Office of External Affairs
Mountain-Prairie Region


U.S. Fish and Wildlife Service
Mountain-Prairie Region
134 Union Boulevard
Lakewood, Colorado 80228

August 9, 2007

Contacts:  Kevin Sloan 303-236-4404

                David McGillivary 303-236-4411


U.S. Fish and Wildlife Service makes a Finding of No Significant Impact for Native Trout Restoration and Enhancement Projects in Southwest Utah

The U.S. Fish and Wildlife Service (Service) has determined that the proposed project entitled Native Trout Restoration and Enhancement Projects in Southwest Utah will not have a significant impact on the human environment and will not require the preparation of an Environmental Impact Statement pursuant to the National Environmental Policy Act of 1969 (NEPA). 

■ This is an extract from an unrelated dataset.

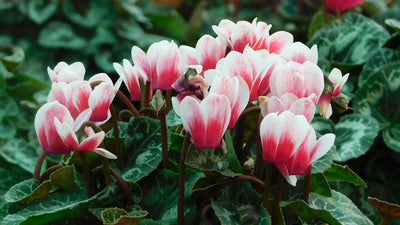 Nos Cyclamens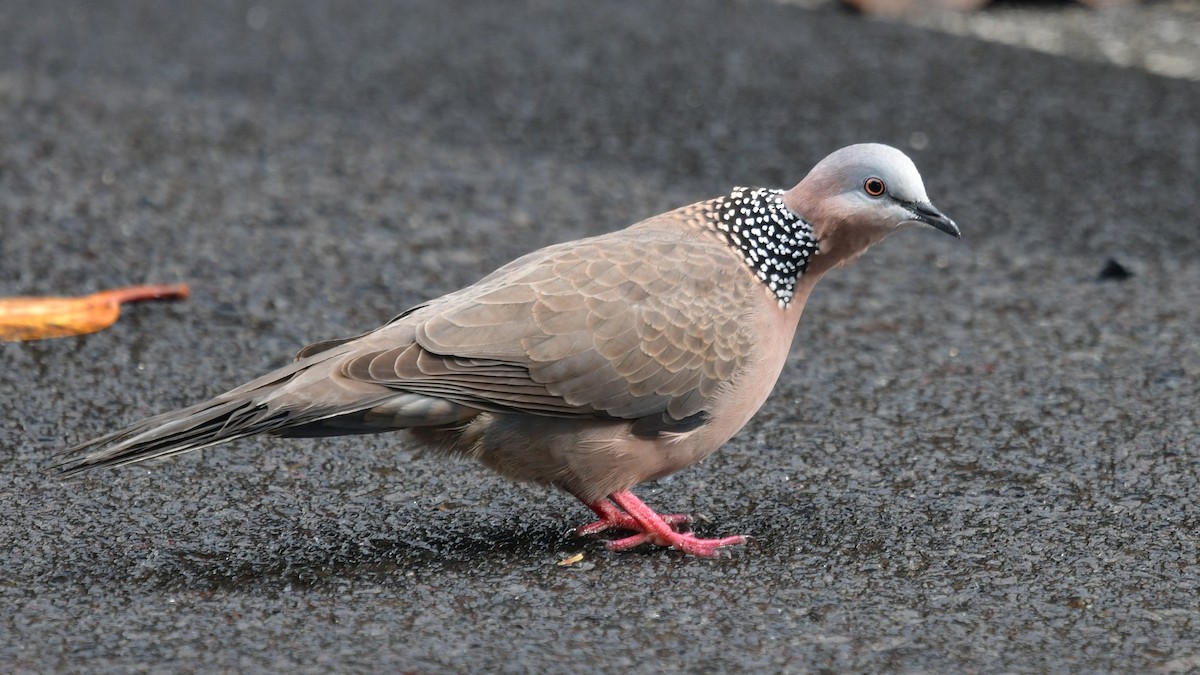 Spotted Dove - ML616008225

The Service previously released a Draft Environmental Assessment (DEA) entitled Native Trout Restoration and Enhancement Projects in Southwest Utah to satisfy NEPA requirements and allow public comment on the proposal.  The DEA detailed the project and analyzed potential impacts and effects on affected resources.  It was released for a 30-day public commenting period which ended on July 23, 2007.  Two comment letters were received and considered by the Service.

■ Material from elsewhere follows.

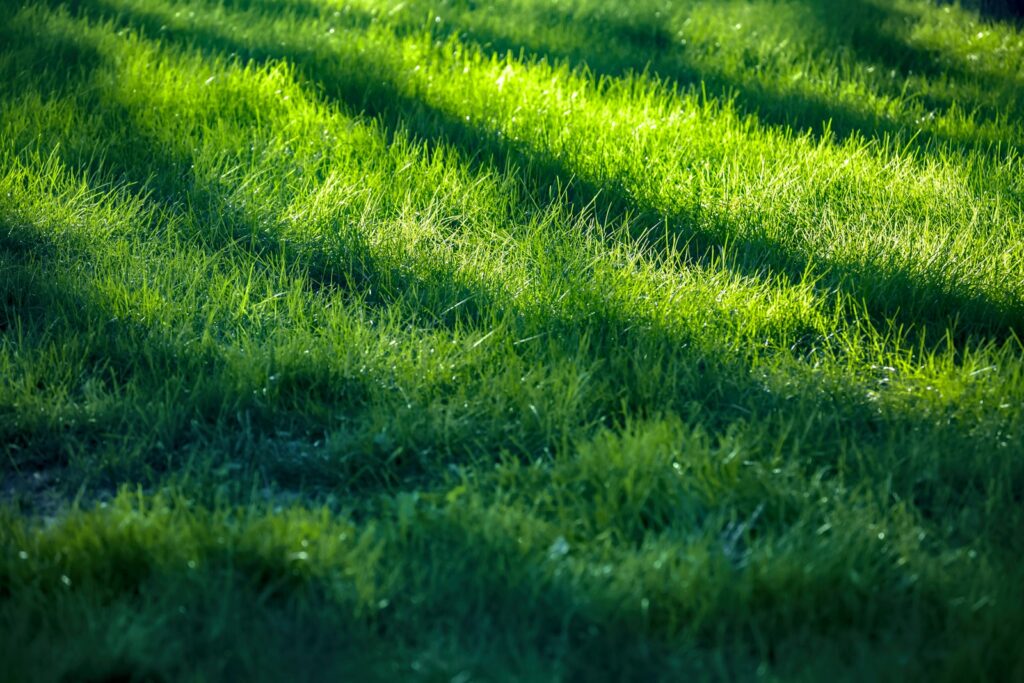 a field of green grass with the sun shining on it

The project will be funded in part with a grant under the Federal Aid in Sport Fish Restoration Act, administered by the Service.  The Utah Division of Wildlife Resources (Division), in cooperation with the Fishlake National Forest (NF), the Dixie NF, and Bureau of Land Management (BLM) Richfield Field Office is proposing to establish populations of native trout (Bonneville cutthroat trout or Colorado River cutthroat trout) in ten streams in south central and southwestern Utah.  Nonnative trout in project streams would be removed where they are present through rotenone applications.  Fish migration barriers would be constructed where necessary to prevent the reinvasion of nonnative trout.  Native trout from “core” populations or fish produced from Division native trout brood stocks would be introduced to establish self-sustaining populations.  In addition, nonnative fish would be removed from one marsh area, where they impact waterfowl use and production.

The Proposed Action is to expand the range and number of populations of native trout within their historic range.  The Proposed Action is in agreement with direction provided by the Fishlake National Forest Land and Resource Management Plan and the Dixie National Forest Land and Resource Management Plan.  It is also in agreement with direction provided by both the Conservation Agreement and Strategy for Bonneville Cutthroat Trout, and the Conservation Agreement and Strategy for Colorado River Cutthroat Trout.  Signatories to these conservation agreements include the Forest Service, BLM, the Service, and the Division.  Actions will be implemented during 2007-2011. 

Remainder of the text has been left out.